[Task item]: Go to the line in the entries below that holds "El Gobierno anuncia" and repeat exactly from there through the line that holds "Apartamento de 2 alcobas", inclusive.

[Short text fragments from websites]:
•••••

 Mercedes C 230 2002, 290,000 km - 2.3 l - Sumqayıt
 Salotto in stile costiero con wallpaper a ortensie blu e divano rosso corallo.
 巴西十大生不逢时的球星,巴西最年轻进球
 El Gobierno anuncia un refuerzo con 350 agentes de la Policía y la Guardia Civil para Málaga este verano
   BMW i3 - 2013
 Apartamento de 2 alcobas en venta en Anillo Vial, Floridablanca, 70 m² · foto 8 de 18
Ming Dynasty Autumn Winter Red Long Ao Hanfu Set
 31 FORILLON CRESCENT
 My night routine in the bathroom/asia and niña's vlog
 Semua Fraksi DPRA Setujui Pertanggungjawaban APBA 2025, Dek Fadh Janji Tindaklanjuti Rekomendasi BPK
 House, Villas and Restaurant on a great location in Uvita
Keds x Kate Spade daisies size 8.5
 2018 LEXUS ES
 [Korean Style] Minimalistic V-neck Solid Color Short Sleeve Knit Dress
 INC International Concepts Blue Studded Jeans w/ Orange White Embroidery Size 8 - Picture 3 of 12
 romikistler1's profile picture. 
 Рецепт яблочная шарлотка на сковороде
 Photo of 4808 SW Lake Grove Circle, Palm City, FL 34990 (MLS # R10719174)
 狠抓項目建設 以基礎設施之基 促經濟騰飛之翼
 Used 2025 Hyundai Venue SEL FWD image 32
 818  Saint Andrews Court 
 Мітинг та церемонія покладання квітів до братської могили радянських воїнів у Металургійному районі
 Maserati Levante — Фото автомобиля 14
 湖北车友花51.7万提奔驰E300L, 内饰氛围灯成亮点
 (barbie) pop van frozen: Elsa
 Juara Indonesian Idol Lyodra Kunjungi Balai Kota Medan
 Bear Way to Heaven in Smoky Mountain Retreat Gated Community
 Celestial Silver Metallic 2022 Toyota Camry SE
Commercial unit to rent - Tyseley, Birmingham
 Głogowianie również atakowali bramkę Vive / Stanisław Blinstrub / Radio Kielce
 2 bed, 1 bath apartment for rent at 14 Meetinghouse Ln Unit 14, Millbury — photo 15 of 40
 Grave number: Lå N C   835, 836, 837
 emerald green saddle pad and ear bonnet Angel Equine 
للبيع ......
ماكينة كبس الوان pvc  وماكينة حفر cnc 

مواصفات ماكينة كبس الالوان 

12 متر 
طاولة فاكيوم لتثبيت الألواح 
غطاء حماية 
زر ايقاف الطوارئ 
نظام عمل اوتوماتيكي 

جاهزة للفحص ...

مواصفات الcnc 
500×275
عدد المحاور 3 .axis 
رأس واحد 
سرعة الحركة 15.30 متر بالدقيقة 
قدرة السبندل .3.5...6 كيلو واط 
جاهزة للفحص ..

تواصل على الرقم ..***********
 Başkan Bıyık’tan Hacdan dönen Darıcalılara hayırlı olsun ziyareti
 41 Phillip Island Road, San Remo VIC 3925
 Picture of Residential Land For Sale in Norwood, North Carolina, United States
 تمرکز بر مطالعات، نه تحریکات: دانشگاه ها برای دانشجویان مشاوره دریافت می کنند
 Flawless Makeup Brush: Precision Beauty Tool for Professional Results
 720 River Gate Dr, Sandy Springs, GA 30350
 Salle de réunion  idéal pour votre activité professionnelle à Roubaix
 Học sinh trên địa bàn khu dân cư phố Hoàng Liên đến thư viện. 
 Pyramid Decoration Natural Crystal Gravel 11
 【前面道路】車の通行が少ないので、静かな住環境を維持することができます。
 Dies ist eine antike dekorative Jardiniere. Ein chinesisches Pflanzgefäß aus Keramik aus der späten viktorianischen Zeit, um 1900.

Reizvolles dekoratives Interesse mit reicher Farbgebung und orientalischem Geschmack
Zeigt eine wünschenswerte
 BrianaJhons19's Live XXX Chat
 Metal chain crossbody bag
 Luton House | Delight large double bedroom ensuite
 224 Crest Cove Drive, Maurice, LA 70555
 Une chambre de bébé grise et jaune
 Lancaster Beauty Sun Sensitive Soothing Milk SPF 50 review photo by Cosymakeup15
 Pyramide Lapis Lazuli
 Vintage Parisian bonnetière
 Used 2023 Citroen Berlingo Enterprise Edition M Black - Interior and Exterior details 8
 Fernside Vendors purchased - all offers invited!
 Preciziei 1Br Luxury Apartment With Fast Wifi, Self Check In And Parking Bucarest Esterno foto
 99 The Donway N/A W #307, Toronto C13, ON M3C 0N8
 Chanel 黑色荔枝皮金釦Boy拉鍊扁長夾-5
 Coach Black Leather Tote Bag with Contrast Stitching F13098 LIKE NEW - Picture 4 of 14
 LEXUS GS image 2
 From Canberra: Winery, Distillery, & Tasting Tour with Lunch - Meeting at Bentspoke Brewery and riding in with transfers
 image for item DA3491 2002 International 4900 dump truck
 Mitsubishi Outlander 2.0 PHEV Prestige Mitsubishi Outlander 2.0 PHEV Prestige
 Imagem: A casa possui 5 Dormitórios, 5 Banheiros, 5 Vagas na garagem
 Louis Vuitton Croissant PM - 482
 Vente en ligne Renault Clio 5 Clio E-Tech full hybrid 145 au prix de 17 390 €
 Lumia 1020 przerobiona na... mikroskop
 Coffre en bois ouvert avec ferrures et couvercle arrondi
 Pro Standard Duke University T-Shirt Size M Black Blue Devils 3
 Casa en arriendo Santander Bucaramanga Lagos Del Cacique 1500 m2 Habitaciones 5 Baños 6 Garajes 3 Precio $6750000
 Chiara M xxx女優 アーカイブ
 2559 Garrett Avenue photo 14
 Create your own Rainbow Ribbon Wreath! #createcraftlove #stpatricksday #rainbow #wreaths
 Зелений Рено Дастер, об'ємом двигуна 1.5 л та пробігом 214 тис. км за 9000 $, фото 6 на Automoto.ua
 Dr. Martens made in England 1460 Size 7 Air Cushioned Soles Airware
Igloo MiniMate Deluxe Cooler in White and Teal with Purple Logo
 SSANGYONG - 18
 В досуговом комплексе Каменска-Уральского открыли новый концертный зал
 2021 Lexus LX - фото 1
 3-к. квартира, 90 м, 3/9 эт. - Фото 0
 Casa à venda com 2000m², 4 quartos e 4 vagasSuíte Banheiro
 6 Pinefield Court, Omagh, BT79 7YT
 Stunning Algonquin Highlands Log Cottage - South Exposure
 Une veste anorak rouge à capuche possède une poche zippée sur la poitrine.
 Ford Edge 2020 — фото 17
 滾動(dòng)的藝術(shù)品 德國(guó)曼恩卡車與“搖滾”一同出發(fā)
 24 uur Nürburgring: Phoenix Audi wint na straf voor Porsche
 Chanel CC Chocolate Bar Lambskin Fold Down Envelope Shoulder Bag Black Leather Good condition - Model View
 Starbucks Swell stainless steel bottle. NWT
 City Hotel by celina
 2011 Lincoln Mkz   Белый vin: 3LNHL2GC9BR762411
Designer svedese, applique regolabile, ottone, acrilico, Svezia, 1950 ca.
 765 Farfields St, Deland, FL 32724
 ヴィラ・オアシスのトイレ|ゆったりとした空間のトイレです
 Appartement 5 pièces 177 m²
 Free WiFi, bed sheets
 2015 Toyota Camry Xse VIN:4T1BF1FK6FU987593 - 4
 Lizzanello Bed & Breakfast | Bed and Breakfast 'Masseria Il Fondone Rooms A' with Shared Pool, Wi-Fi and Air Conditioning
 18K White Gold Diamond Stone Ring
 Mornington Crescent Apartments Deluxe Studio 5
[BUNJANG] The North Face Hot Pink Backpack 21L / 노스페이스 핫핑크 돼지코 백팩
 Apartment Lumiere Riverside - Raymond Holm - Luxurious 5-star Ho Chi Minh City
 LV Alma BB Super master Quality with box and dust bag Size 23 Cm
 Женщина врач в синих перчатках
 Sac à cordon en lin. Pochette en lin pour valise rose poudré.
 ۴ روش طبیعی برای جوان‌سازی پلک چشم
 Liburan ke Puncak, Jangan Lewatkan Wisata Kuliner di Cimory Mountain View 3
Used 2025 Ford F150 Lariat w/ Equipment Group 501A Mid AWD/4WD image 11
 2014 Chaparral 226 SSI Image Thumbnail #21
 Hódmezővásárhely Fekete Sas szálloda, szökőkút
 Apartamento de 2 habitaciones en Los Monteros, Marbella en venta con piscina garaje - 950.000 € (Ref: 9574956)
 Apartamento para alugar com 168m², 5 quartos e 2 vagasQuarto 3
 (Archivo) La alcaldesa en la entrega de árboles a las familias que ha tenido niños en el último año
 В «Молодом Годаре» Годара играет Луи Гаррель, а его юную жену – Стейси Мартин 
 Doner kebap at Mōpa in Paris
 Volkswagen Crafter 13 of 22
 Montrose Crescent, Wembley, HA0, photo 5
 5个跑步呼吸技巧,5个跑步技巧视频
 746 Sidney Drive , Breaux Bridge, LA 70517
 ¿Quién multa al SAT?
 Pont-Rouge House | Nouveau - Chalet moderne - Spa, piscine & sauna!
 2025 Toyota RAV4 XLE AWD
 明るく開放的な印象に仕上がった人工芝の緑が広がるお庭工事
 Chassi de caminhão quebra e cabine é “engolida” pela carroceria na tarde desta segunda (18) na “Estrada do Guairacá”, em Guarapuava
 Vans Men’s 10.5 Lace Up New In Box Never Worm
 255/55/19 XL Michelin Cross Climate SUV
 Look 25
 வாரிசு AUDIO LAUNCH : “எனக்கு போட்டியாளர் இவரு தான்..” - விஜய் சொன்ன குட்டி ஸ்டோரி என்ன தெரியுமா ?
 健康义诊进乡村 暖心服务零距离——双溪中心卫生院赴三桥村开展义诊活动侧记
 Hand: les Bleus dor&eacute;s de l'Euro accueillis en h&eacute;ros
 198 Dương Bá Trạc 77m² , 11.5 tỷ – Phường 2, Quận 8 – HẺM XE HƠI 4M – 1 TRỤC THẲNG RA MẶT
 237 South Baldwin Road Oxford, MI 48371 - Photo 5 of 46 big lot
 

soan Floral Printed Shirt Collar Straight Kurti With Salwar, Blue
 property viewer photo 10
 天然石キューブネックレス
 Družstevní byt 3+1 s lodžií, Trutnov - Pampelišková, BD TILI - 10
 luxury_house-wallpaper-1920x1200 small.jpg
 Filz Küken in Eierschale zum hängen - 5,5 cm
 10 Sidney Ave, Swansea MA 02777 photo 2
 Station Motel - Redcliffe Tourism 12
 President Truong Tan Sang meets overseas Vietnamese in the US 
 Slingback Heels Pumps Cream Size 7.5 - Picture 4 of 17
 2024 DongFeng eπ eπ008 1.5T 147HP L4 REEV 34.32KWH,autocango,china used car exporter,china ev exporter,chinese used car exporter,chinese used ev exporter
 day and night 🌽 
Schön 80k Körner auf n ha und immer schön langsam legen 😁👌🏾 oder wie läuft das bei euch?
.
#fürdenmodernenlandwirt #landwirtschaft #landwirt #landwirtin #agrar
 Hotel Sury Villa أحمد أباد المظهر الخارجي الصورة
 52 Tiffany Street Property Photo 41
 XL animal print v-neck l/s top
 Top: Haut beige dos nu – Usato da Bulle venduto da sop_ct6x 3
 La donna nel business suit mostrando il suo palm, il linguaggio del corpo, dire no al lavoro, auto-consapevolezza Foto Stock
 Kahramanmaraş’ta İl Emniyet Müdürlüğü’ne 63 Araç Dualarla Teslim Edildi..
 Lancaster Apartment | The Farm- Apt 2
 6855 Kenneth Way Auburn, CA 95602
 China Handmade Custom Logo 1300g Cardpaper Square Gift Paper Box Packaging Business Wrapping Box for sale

•••••

[The answer]:
 El Gobierno anuncia un refuerzo con 350 agentes de la Policía y la Guardia Civil para Málaga este verano
   BMW i3 - 2013
 Apartamento de 2 alcobas en venta en Anillo Vial, Floridablanca, 70 m² · foto 8 de 18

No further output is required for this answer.